お金の代わりになるポテンシャルを秘めた技術として、仮想通貨が紹介されています。仮想通貨は、既存のお金を仕事にしている人ほど理解しにくい概念であると言います。
新しいものが出てきた時に、それに似た業界の前提知識があると、その知識に当てはめて新しいものを見てしまう傾向があります。しかしそれは危険です。仮想通貨も既存の金融業界の人ほど理解に苦しみ、全く前提知識のない若者や一般の人のほうが自然に受け入れて使いこなしています。
既存のお金に慣れ親しみすぎると仮想通貨の本質を見誤ることになる、と。
また、年齢によっても新しい技術に対する姿勢が変わってくるとの主張もありました。これも面白い。
イギリスの作家ダグラス・アダムスが生前に面白い言葉を残しています。人間は、自分が生まれた時にすでに存在したテクノロジーを、自然な世界の一部と感じる。15歳から35歳の間に発明されたテクノロジーは、新しくエキサイティングなものと感じられ、35歳以降になって発明されたテクノロジーは、自然に反するものに感じられる。

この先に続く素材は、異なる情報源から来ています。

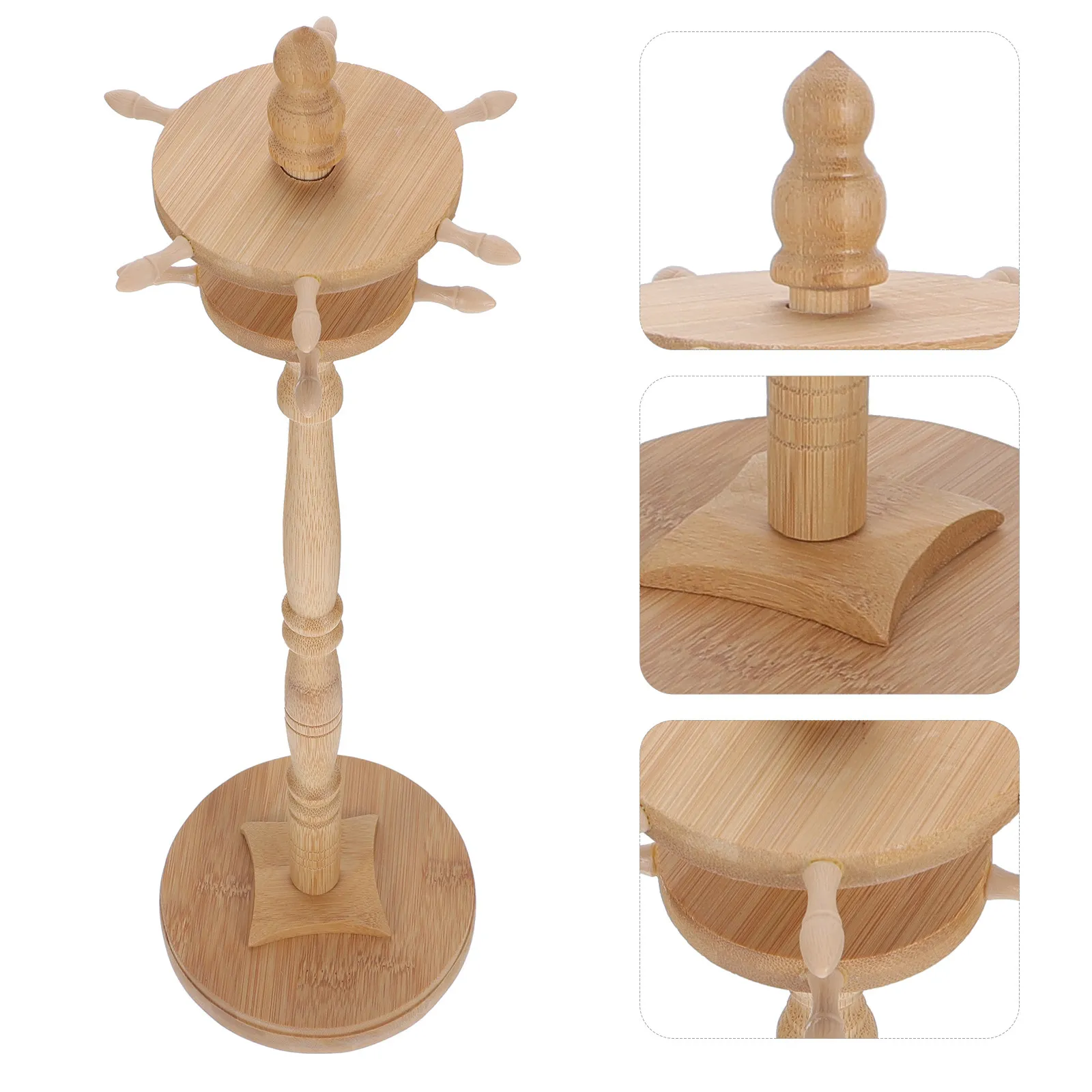 Chinese Calligraphy Brush Holder Wooden Brush Pen Hanging Rack with Rotating Design Sturdy Desktop Display Rack for Study Room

僕はいま15歳から35歳の間なので、仮想通貨のテクノロジーはエキサイティングなものとして見ています。拒絶しないだけそれは幸運なことですが、自然な世界の一部とはとらえられない運命にあります。それをきちんと認識し、仮想通貨に向き合っていきたいと思いました。
仮想通貨もお金も単なる道具、ツールです。
一方で、お金をうまく扱えず困っている人ほど、お金に特別な感情を抱いていることが多いです。私もそうでした。それがないことによって起きる困窮や不安から、お金に感情をくっつけてしまい、道具以上の意味を感じてしまいがちです。お金や経済を扱うためには、お金と感情を切り離して1つの「現象」として見つめ直すことが近道です。
お金に感情をくっつけてしまっている。これは目からうろこの考え方でした。お金はあくまで道具。それはわかっているのですが、なくてはならないものと捉えてしまって、異常に執着してしまっている自分がいます。気を付けなくては。
アインシュタインがこんな言葉を残しています。空想は知識より重要である。知識には限界がある。想像力は世界を包み込む。大切なのは、疑問を持ち続けることだ。神聖な好奇心を失ってはならない。
これは素敵な言葉だなと思いました。理系出身の人間として、そしてゲーム会社に勤めている人間として心に刻み付けたいです。想像力は世界を包み込む。僕らは自分が考えている以上にすごいことを想像することができるはずです。